• _What this task involves_
From the listing below, restate word for word the lines from the line containing "In the end Sheet Music Preview" down through the line containing "Zun pot Yixing". Exclude pictures.

*** Opening of Data records ***

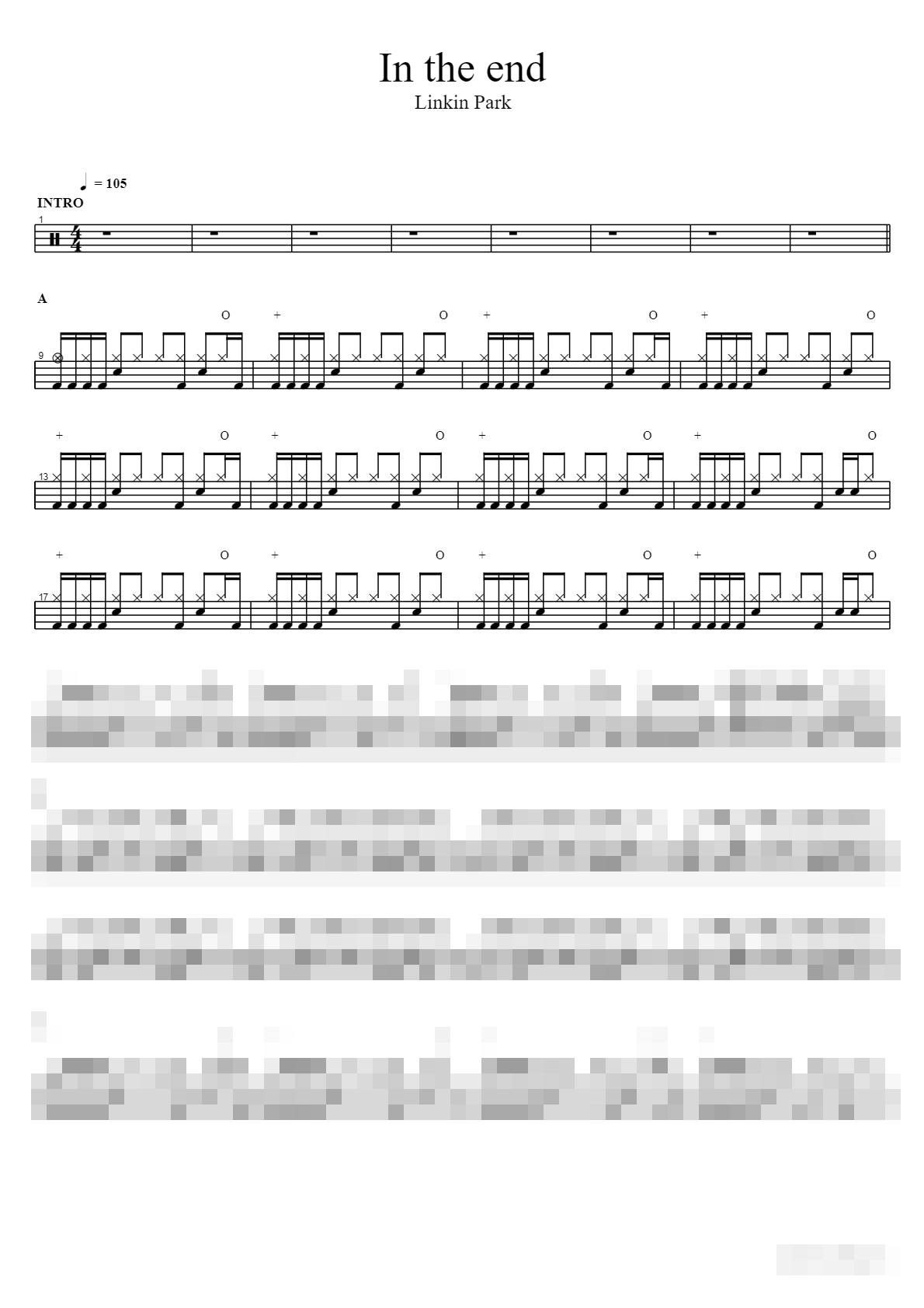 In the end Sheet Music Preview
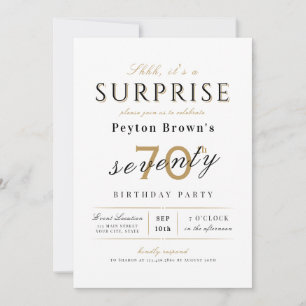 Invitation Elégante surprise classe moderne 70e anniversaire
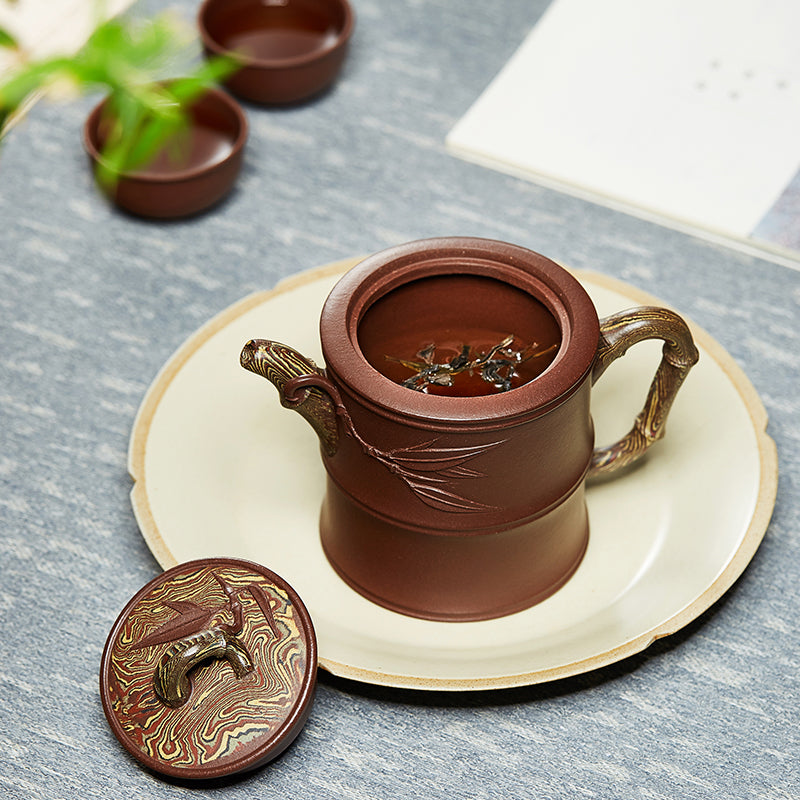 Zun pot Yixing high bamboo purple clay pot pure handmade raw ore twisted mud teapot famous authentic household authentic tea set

*** Close of Data records ***
*** Opening of Data records ***

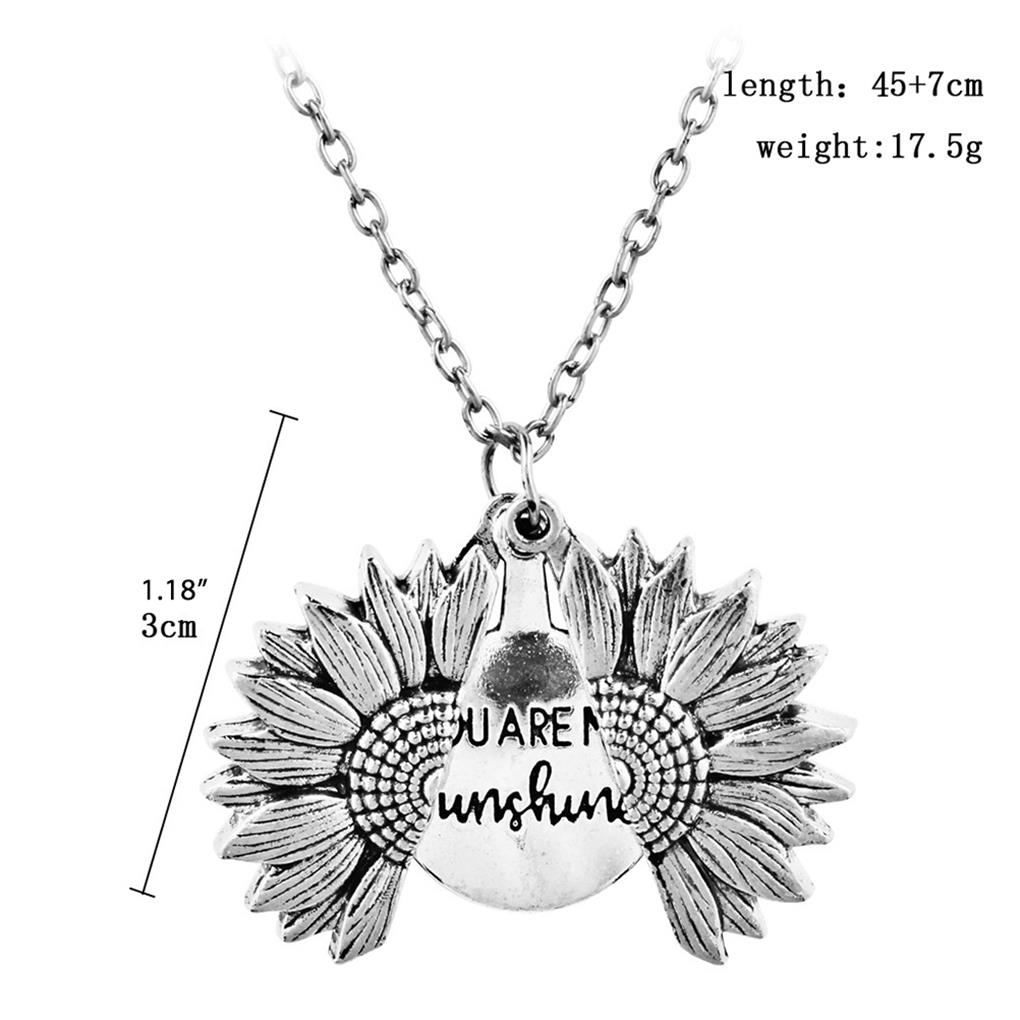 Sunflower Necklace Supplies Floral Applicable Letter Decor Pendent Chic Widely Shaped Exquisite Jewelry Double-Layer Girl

*** Close of Data records ***
*** Opening of Data records ***

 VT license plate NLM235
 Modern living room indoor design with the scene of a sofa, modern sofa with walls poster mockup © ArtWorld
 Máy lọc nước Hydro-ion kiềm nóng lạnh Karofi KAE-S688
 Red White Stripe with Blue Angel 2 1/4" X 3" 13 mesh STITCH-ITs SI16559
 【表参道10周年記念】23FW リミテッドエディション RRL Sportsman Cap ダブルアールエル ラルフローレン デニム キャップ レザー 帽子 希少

*** Close of Data records ***

• _Answer space_
 In the end Sheet Music Preview
 Invitation Elégante surprise classe moderne 70e anniversaire
 Zun pot Yixing high bamboo purple clay pot pure handmade raw ore twisted mud teapot famous authentic household authentic tea set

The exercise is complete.